Although I am a special education attorney and not a criminal defense attorney, occasionally I receive phone calls from parents who are angry and concerned because their child has been questioned or searched by school officials for disciplinary infractions or worse. Occasionally these incidents involve school resource officers or police, particularly when drugs or alcohol are involved. Fundamentally, these parents want to know: were my child’s legal rights violated? Can my child be questioned by the school or police without my knowledge or consent? Can my child or his or her possessions be searched? This issue comes up a lot and all too often with serious consequences for the student. Schools play on their authority and make false promises to induce "confessions" even from student with language-based disabilities. Criminalization of school students especially those with special needs is large issue that has not been effectively addressed.
The Fifth Amendment protects US citizens from self-incrimination, and a Miranda warning (or the “right to remain silent” heard on every police television drama) must be given by police to suspects in custody before questioning. However, courts have been clear that a Miranda warning does not apply to routine disciplinary issues between school officials and students. Whether or not a student can be questioned in school by police without receiving his or her Miranda rights, however, is predicated on whether or not the student is in formal custody. In general, “custody” may be defined as when a “reasonable person” in the suspect’s position would conclude that he or she is not under arrest and feel able to leave the room. A somewhat recent Supreme Court case, J.D.B. v North Carolina, however, found that police must consider the child’s age in determining whether or not the child is in custody for Miranda purposes; previous cases had rejected consideration of age as part of the “custody reasonable person standard.” This most recent Supreme Court case recognized that a ”reasonable child” may feel pressure to speak to the police in situations in which adults may not feel compelled to speak, thereby making a Miranda warning necessary in a broader range of settings for children. Justice Sotomayor wrote in the majority opinion, “Officers and judges need no imaginative powers, knowledge of developmental psychology, training in cognitive science, or expertise in social and cultural anthropology to account for a child’s age. They simply need the common sense to know that a 7-year-old is not a 13-year-old and neither is an adult.”
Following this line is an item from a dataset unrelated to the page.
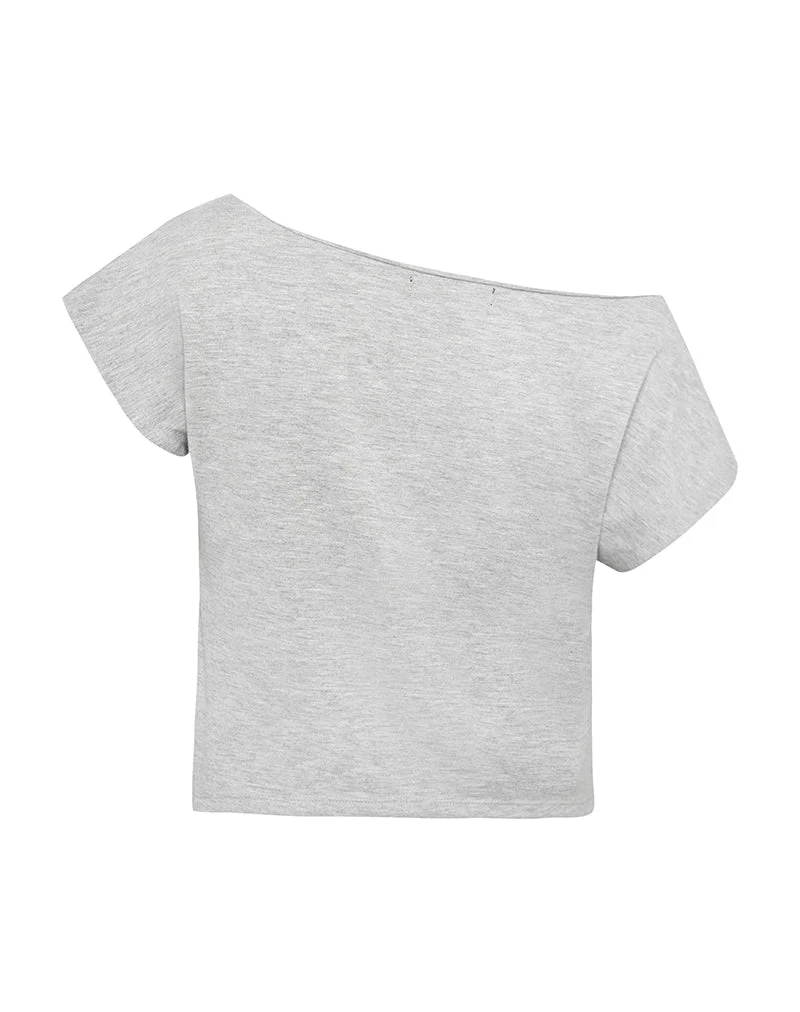 Balia - Top basique à manches courtes asymétriques, gris chiné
Justice Alito included an interesting argument in his dissent to this case. Justice Alito felt that this ruling would muddy the clarity of a Miranda warning by opening the door “to the consideration of innumerable other personal characteristics, such as intelligence and education level.” Jeff Welty of the UNC School of Government posited that the “implications extend also to other categories of people who might be especially prone to believe that interactions with the police are effectively compulsory, such as those with limited intellectual functioning, those with mental illnesses, and those who have limited proficiency in English.”
This latter argument is exactly what so many parents of children with special needs call my office about. Their children simply didn’t understand what it is that they have been accused of, they were incapable of the behavior for which they were being faulted, or they were simply too suggestive and agreed with whatever school officials stated. All of this wends us back to the IEP process. Some parents insist that the IEP state that parents needs to be present for any disciplinary issues that result in their child being sent to a principal or dean’s office for questioning. Schools push back claiming this level of supervision is unrealistic and too intrusive to management of the school.
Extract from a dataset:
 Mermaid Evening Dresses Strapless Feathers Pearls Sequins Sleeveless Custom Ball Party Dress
Whether a school does or does not accept such terms in an IEP, it is essential that parents as much as possible document in the IEP or through private evaluations shared with the school the different manifestations of their child’s disability. Outbursts caused by frustration, extremely impulsivity, poor social judgment that leads children to manipulation by peers-- all these behaviors need to be documented. Thus, if a child’s behavior results in a manifestation determination review, it will be easier to prove that the behavior is related to the disability, which should ideally result in a stronger IEP, that will better meet the needs of the child. If the parents are unable to provide this documentation, the child may be subject to the same discipline and consequences afforded to children without disabilities, including expulsion or placements in alternative schools. Time and time again, the outcome of these unhappy events hinges upon whether or not it can be proved that the behavior is substantially related to the student's disability.
These answers are not always what parents want to hear. Their children have been treated unfairly, and many of the children have been traumatized by the events that precipitated the parent’s call to me. Often the parent has also been traumatized. It is yet another example of the unfairness to which many of our children are subjected, leaving us (and them) vulnerable. We simply want to protect our children. As a special education attorney, I urge parents to consider that one of the best ways to protect their children is through the development of the strongest IEP possible including an IEP version of Miranda warnings and call home when real trouble arises.